The machine army continues
to drill towards Zion. Within hours, they will overrun the population
of the Zionites and lay extinction to human kind. Meanwhile, Neo
is held captive by the Merovingian at a train station. Trinity
& Morpheus set out on a journey to release him from a mysterious
train operator. Also, Smith resumes his quest to kill "Mr. Anderson"
as he reveals his identity into the real world and resumes to
replicate his program inside the system of The Matrix, causing
it to decay. All hope is placed in the freed Neo, who must travel
to the city of the machines in the Logos ship with Trinity and
bargain to save each kingdom from destruction by finishing Smith
once and for all. But even with his new powers over the sentinels,
will he be able to fight them off? (imdb.com)

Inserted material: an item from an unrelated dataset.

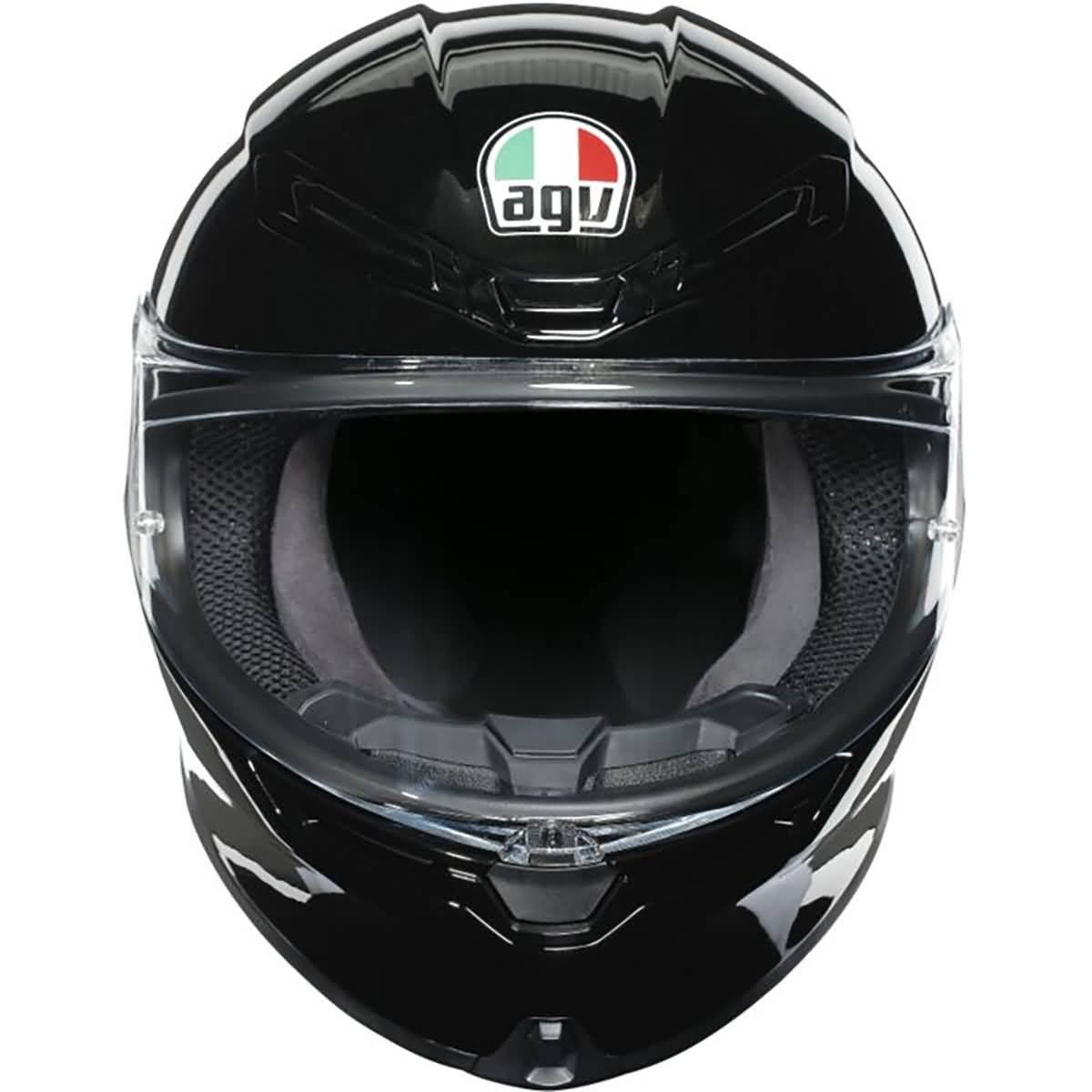 AGV K6 Helmet (Medium-Small) (Black)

The Complete Matrix Dharma Movie Review Series:
The Matrix : http://groups.yahoo.com/group/zeph/message/174
The Matrix Reloaded :
The Matrix Revolutions : http://www.moonpointer.com/movies/matrix3.htm (this article)
The Animatrix : http://groups.yahoo.com/group/zeph/message/186
To comment or share, please email shian@TheDailyEnlightenment.com
Here are some reflections on how scenes from
the movie appear to run parallel to the Buddhist teachings.

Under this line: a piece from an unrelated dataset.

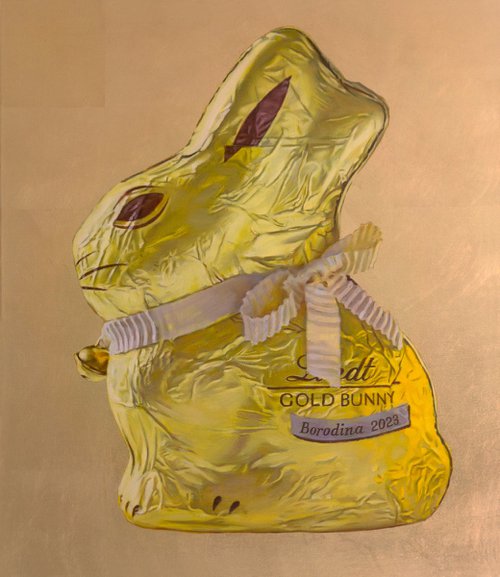 Easter Idol (II) by Anastasia Borodina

Please note that these are loose associations and not technically exact
Dharma. (All pictures interspersed randomly are from thematrix.com.)

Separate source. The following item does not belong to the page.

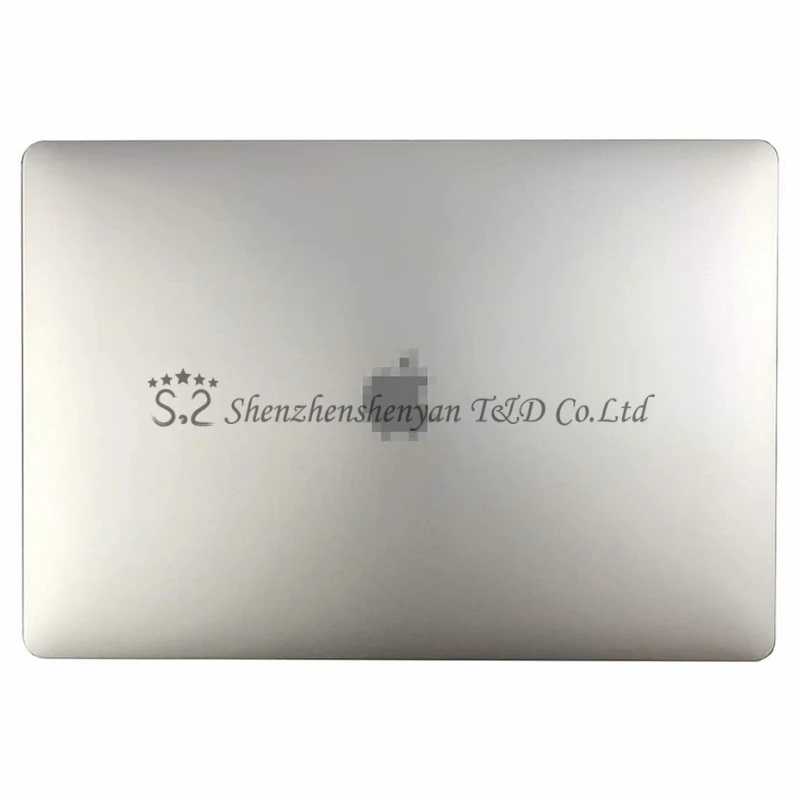 ЖК-дисплей для ноутбука A1707 серебристый/серый MacBook Pro 15 4 дюйма полный светодиодный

01) Bardo of the In-Between
Neo wakes from his coma in a subway station named "Mobil Ave".
"Mobil" is an anagram for "Limbo". This resembles the Buddhist bardo state in
which one's consciousness exists in an in-between state,
between the life that one just left and a new life to be reborn
in. Likewise, the station was located between the Matrix
and between the Machine City. As explained by Rama, the place
is "nowhere", but between here and there. The bardo state is
likened to a trap if one does not break free of it, just as Neo
was trapped there by Merovingian.
02) Neutrality of Karma
Rama tells Neo that he doesn't resent his karma, but is instead
grateful for it, for having the love of his wife and daughter. He
was expressing his appreciation for the "bright side" of his karma,
instead of lamenting its dark side. The truth is, the law of karma
is essentially empty of any fixed characteristics- it is neither
good nor bad by itself, much similar to the half-full or half-empty
glass analogy. Because we have unresolved karma, we suffer, but
this karma can bring us blessings too.
03) Purpose of Existence
Rama tells Neo that programs have purposes of existence.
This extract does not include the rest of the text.